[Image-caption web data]
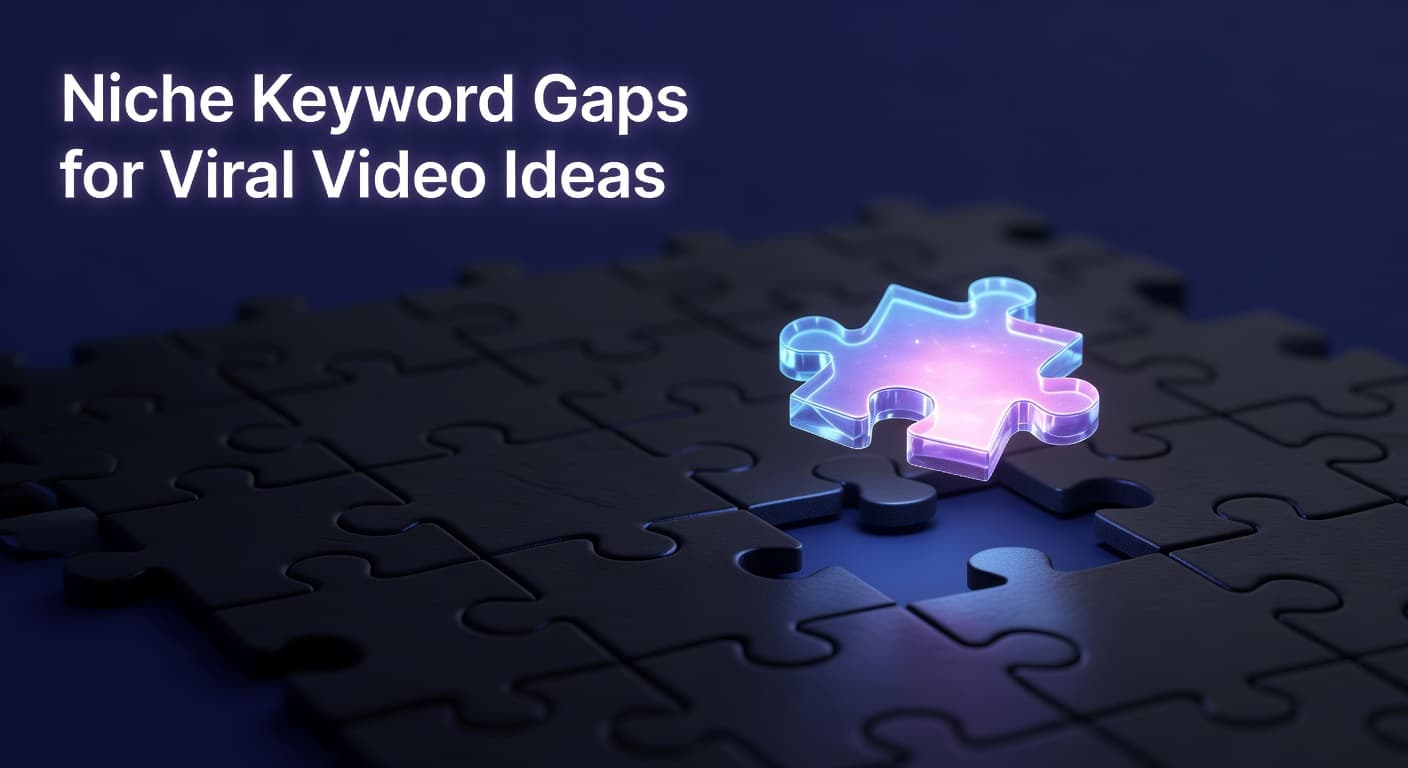 Creator analyzing niche keyword gap data to discover viral YouTube video ideas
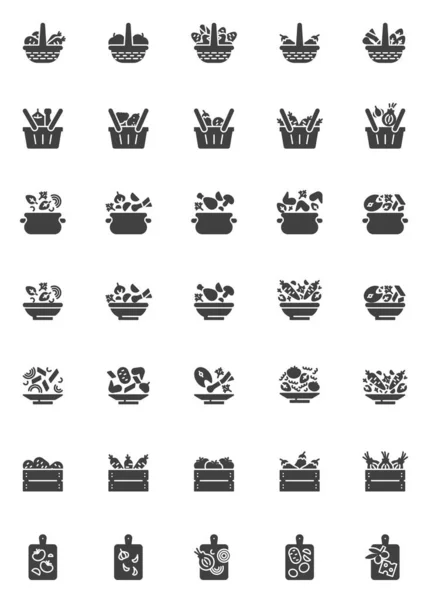 Recetas de cocina vector iconos conjunto — Archivo Imágenes Vectoriales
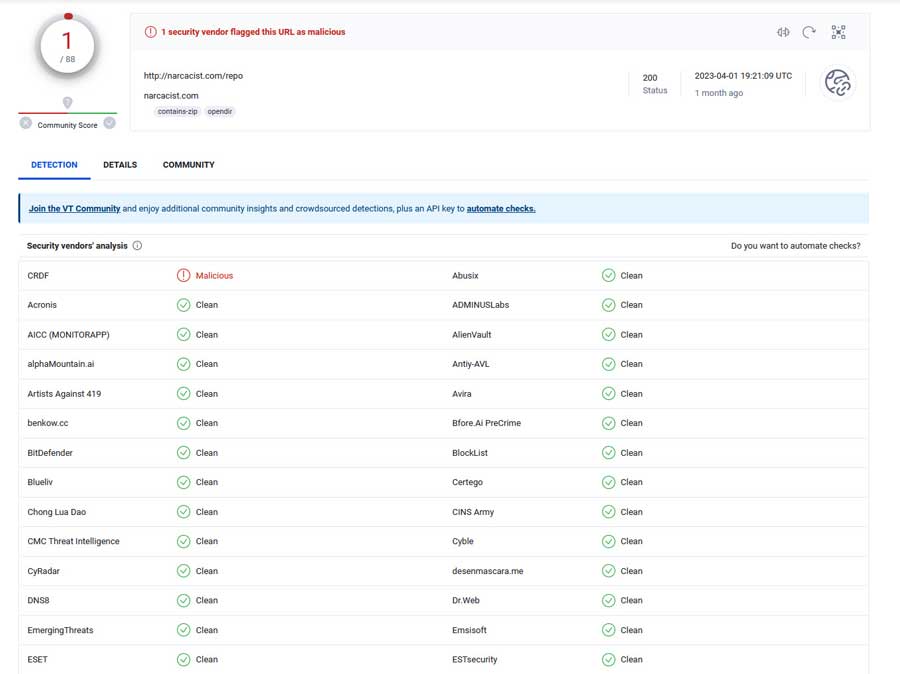 VirusTotal results for the Narcacist repo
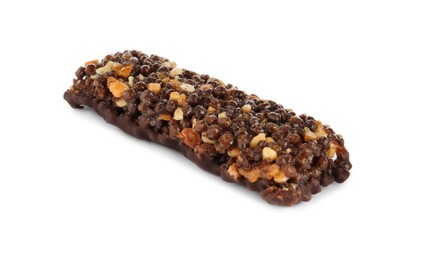 Photo of Protein bar with chocolate isolated on white. Healthy snack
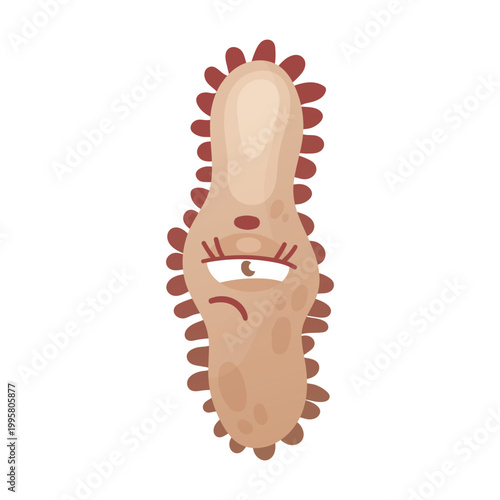 Cartoon comic germ disease microorganism, kawaii microbe pathogen bacteria virus with funny face isolated on white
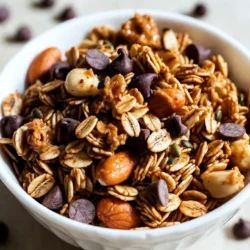 - 3 cups old-fashioned rolled oats - 1 cup honey or maple syrup - 1 cup creamy peanut butter - 1/2 cup brown sugar - 1 teaspoon vanilla extract - 1/2 teaspoon salt - 1/2 teaspoon cinnamon - 1 cup chocolate chips (semi-sweet or dark) - 1/2 cup chopped nuts (such as almonds or walnuts) - 1/2 cup shredded coconut (optional) You need simple, tasty ingredients for this granola. Old-fashioned rolled oats give it a hearty base. Honey or maple syrup adds sweetness. Creamy peanut butter gives a rich flavor. Brown sugar adds depth. Vanilla extract brings warmth. Salt enhances all the flavors. Cinnamon adds a warm spice. You can choose semi-sweet or dark chocolate chips based on your taste. Nuts add crunch and protein. If you like coconut, sprinkle in some shredded coconut for fun. Gather these ingredients, and you're ready to make this delicious treat. Each component plays a role in creating the perfect balance of taste and texture. {{ingredient_image_1}} - First, preheat your oven to 350°F (175°C). - Line a large baking sheet with parchment paper. - Gather these tools: a medium saucepan, a large mixing bowl, and a spatula. - You will also need these ingredients: - 3 cups old-fashioned rolled oats - 1 cup honey or maple syrup - 1 cup creamy peanut butter - 1/2 cup brown sugar - 1 teaspoon vanilla extract - 1/2 teaspoon salt - 1/2 teaspoon cinnamon - 1 cup chocolate chips - 1/2 cup chopped nuts - 1/2 cup shredded coconut (optional) - In a medium saucepan, heat honey (or maple syrup) and peanut butter over low heat. - Stir the mix until it melts and becomes smooth. - Remove the saucepan from heat. - Stir in brown sugar, vanilla extract, salt, and cinnamon until well combined. - In a large mixing bowl, combine rolled oats, chocolate chips, chopped nuts, and shredded coconut (if using). - Pour the warm peanut butter mixture over the dry ingredients. - Stir until all the dry items are well coated. - Spread the granola mixture evenly on the prepared baking sheet. - Bake in the oven for 20-25 minutes. Stir halfway to ensure even browning. - Keep an eye on it; it can burn quickly. - Once golden brown and fragrant, take it out and let it cool completely on the baking sheet. - When cool, break the granola into clusters. - Store in an airtight container for freshness. To get the right texture for your granola, focus on the oats. Use old-fashioned rolled oats for the best bite. They hold together well and give a nice chew. When mixing, ensure every oat is coated with the peanut butter mixture. This helps them toast evenly. To avoid burning, keep an eye on the oven. Granola can go from perfect to burnt in minutes. Stir it halfway through baking. This helps it brown evenly and keeps it from getting too dark. If you see it changing color quickly, reduce the time or lower the oven temperature slightly. You can enjoy your granola in many fun ways. Try it in yogurt for a tasty breakfast. It also works great as a topping on ice cream. Another idea is to mix it into a smoothie for added crunch. For a great presentation, serve the granola in a mason jar. This gives a rustic look that is appealing. You can also sprinkle some extra chocolate chips and nuts on top before serving. It makes your dish look even more inviting! Pro Tips Use Natural Sweeteners: Instead of brown sugar, you can experiment with coconut sugar or agave syrup for a healthier twist. Mix and Match Nuts: Feel free to use any combination of nuts you love, such as pecans or hazelnuts, to personalize your granola. Adjust the Bake Time: Keep a close eye on the granola as it bakes; different ovens may require slight adjustments to the baking time. Store Properly: To maintain freshness, store your granola in an airtight container in a cool, dry place, or in the fridge for longer shelf life. {{image_2}} You can easily change the taste of your granola. Here are some fun add-ins: - Dried fruits like cranberries or raisins add sweetness. - Seeds such as pumpkin or sunflower seeds add crunch. - Spices like nutmeg or ginger can give a warm flavor. If you want a different sweetener, you can swap honey or maple syrup. Use agave nectar or coconut sugar for a new twist. Want a gluten-free granola? Just use gluten-free oats. They work just as well. For a vegan version, replace honey with maple syrup. This keeps it sweet and plant-based. You can also use dairy-free chocolate chips to stay vegan. These changes let everyone enjoy this tasty treat. To keep your peanut butter chocolate chip granola fresh, store it in an airtight container. Glass jars or plastic containers work well. If you want to keep out moisture, use a container with a tight seal. You can also add a food-safe desiccant packet to absorb moisture. This helps maintain crunchiness. Avoid storing granola in warm areas like near the stove. A cool, dry place is best. Granola can last up to two weeks if stored correctly. If you keep it in the fridge, it may last a little longer. Check for signs of staleness. If it smells off or feels soft, it’s time to toss it. Another sign is a lack of crunch. Fresh granola should be crispy. If it loses that crunch, it may not taste great. Always trust your senses to judge freshness! Can I use crunchy peanut butter instead of creamy? Yes, you can use crunchy peanut butter. It adds a fun texture. The granola will have a nice crunch from the peanut chunks. Is granola healthy? Granola can be healthy. It has oats, which are good for you. However, check the sugar content. Too much sugar can make it less healthy. How can I make my granola less sugary? To make granola less sugary, use less honey or maple syrup. You can also replace them with mashed bananas or unsweetened applesauce. This keeps the taste while cutting sugar. Can I freeze peanut butter granola? Yes, you can freeze peanut butter granola. Just put it in an airtight bag. It will stay fresh for up to three months. When ready to eat, let it thaw in the fridge. You learned how to make tasty peanut butter chocolate chip granola. We covered the key ingredients, step-by-step instructions, and useful tips. You can customize flavors and adjust for diets too. Proper storage keeps your granola fresh longer. Enjoy your homemade treat as a snack, breakfast, or topping. Don’t hesitate to try different mixes and find your favorite! Now, get in the kitchen and create something delicious!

## Task brief
Set the lines above down again, word for word, from the first through the one containing "Cartoon comic germ"; pictures excluded.

## Solution to the problem
 Creator analyzing niche keyword gap data to discover viral YouTube video ideas
 Recetas de cocina vector iconos conjunto — Archivo Imágenes Vectoriales
 VirusTotal results for the Narcacist repo
 Photo of Protein bar with chocolate isolated on white. Healthy snack
 Cartoon comic germ disease microorganism, kawaii microbe pathogen bacteria virus with funny face isolated on white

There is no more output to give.